Под санями скрипел снег, вихрем летел из-под копыт лошадей, осыпал Яшку с ног до головы, но он все смотрел и смотрел в щелку между воротником тулупа и шапкой, видел, как лошади покрылись пеной, и чувствовал запах их пота.

Дорогу перебежала лисица. Яшка оживился, с сожалением прищелкнул языком и долго смотрел, как лиса, то и дело останавливаясь, неторопливо удалялась по снежной равнине и наконец исчезла в сумеречных степных далях.

Яшка вздохнул.

Спустя каких-нибудь полчаса он чертом пронесся улицей маленькой деревушки с невзрачными домиками и въехал на взмыленных лошадях в раскрытые ворота барской усадьбы.

2

Чургин наладил работу нового кружка в Югоринске, снабдил кружковцев литературой для чтения и вернулся к себе в Александровск. Дома его ожидали приятные вести. Варя сообщила, что его назначают помощником штейгера на руднике Акционерного общества, а Стародуб уже присылал за ним мальчика. Чургин только улыбался и ничего не говорил.

– Что ж ты молчишь?
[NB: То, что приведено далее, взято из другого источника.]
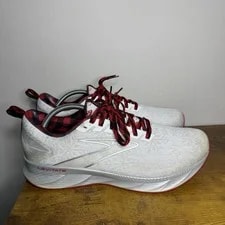 Brooks — Brooks Levitate 6 "Run Merry" Christmas Limited Edition Running Shoes — Sneaker — resale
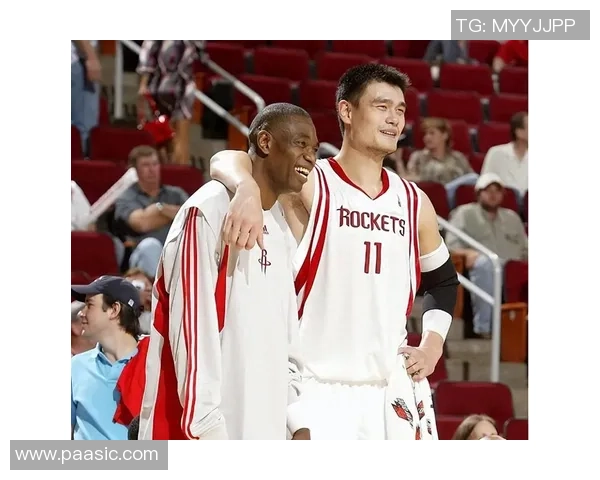 2008年姚明火箭队季后赛精彩回顾与对手较量分析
Не нравится тебе это? – не понимала Варя.

– Нравится, милая, и это, и то: и назначение, и беспокойство обо мне Стародуба.

В порыве радости он обнял ее и тихо сказал:

– Ты понимаешь? Господину Чургину доверяют попрежнему, а товарищ Чургин попрежнему будет делать свое дело. Вот чему я радуюсь, милая. Ух, ты-ы!

– Ой, Илья! Кости же поломаешь.

– Это от любви и от хорошего настроения.

Придя на шахту, Чургин направился к штейгеру Соловьеву поблагодарить его и за отпуск и за новое назначение.

– Вы, кажется, готовились сдать экстерном экзамен на штейгера? Я вам помогу в занятиях, и вы получите диплом с медалью, – сказал Соловьев.

– О, это уж слишком!

– Это меньше того, чего вы достойны, Илья Гаврилович. Я говорю без лести.

Чургин был взволнован. Он поблагодарил Соловьева и дал слово в ближайшее время начать готовиться к экзамену.

Ознакомившись с состоянием работ в шахте, Чургин зашел в уступы к Митричу, отозвал его в сторону.

Старик обрадовался, увидев его:

– A-а, Илья Гаврилыч! Ну, как оно ездилось? Нагостился там, у себя в России? – и, подойдя ближе, понизил голос: – Тут прямо заждались тебя. Загородный что-то не туда свернул, против Семена пошел.